* **Work instructions**:
Write out the following listing's lines from the one with "a large white" to the one with "Photo of Rolls", exactly, with both included and no others.
- - -
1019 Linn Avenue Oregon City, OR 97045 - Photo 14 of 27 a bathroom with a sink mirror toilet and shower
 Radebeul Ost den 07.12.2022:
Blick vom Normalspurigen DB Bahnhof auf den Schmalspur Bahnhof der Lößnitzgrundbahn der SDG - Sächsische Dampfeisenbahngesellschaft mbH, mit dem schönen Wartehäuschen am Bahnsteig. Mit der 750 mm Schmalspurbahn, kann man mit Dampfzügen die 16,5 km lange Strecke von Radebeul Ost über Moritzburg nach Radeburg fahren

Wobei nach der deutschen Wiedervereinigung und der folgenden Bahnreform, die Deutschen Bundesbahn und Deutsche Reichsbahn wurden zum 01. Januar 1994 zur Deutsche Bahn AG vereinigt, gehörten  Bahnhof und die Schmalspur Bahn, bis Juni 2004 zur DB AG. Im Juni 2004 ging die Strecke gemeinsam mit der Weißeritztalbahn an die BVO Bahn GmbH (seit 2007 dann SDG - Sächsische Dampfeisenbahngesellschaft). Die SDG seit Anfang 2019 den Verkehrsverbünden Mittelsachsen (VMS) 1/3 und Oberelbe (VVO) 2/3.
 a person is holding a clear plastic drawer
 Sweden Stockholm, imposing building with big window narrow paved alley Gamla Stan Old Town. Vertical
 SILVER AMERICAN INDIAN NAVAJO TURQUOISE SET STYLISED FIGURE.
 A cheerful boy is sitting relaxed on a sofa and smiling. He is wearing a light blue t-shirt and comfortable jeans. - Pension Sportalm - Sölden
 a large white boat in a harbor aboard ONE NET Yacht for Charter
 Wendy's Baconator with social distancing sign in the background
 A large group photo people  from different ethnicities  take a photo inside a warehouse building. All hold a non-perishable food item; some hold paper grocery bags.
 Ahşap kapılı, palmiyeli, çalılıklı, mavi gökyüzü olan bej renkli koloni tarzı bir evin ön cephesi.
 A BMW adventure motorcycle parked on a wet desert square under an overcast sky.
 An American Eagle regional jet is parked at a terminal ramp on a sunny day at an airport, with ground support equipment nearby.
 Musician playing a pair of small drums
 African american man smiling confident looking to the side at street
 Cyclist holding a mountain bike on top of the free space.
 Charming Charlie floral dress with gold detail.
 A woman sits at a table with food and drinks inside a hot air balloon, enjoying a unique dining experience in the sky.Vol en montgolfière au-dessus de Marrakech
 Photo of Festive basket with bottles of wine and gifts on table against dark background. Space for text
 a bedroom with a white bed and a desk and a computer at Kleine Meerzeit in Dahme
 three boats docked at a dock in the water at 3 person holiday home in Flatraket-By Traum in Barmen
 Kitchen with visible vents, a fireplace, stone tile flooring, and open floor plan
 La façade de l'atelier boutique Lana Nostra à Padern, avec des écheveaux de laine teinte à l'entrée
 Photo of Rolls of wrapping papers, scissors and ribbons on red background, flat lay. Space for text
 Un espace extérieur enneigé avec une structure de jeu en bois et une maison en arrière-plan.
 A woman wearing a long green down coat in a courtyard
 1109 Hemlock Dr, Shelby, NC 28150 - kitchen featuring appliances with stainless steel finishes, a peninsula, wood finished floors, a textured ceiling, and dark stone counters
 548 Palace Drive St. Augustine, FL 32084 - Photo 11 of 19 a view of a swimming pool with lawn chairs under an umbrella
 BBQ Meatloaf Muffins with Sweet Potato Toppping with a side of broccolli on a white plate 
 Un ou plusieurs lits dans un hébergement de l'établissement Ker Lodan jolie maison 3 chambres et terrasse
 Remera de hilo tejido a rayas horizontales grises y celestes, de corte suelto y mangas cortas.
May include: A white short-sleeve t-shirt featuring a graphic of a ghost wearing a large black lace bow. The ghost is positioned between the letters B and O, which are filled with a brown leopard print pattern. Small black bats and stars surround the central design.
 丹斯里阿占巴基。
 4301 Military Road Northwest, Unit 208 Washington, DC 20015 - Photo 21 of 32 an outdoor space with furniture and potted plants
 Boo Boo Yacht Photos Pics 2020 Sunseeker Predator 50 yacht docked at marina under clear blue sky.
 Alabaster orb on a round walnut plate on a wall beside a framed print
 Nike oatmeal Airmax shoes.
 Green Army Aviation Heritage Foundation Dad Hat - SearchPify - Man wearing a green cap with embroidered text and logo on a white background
- - -
* **Exercise response**:
 a large white boat in a harbor aboard ONE NET Yacht for Charter
 Wendy's Baconator with social distancing sign in the background
 A large group photo people  from different ethnicities  take a photo inside a warehouse building. All hold a non-perishable food item; some hold paper grocery bags.
 Ahşap kapılı, palmiyeli, çalılıklı, mavi gökyüzü olan bej renkli koloni tarzı bir evin ön cephesi.
 A BMW adventure motorcycle parked on a wet desert square under an overcast sky.
 An American Eagle regional jet is parked at a terminal ramp on a sunny day at an airport, with ground support equipment nearby.
 Musician playing a pair of small drums
 African american man smiling confident looking to the side at street
 Cyclist holding a mountain bike on top of the free space.
 Charming Charlie floral dress with gold detail.
 A woman sits at a table with food and drinks inside a hot air balloon, enjoying a unique dining experience in the sky.Vol en montgolfière au-dessus de Marrakech
 Photo of Festive basket with bottles of wine and gifts on table against dark background. Space for text
 a bedroom with a white bed and a desk and a computer at Kleine Meerzeit in Dahme
 three boats docked at a dock in the water at 3 person holiday home in Flatraket-By Traum in Barmen
 Kitchen with visible vents, a fireplace, stone tile flooring, and open floor plan
 La façade de l'atelier boutique Lana Nostra à Padern, avec des écheveaux de laine teinte à l'entrée
 Photo of Rolls of wrapping papers, scissors and ribbons on red background, flat lay. Space for text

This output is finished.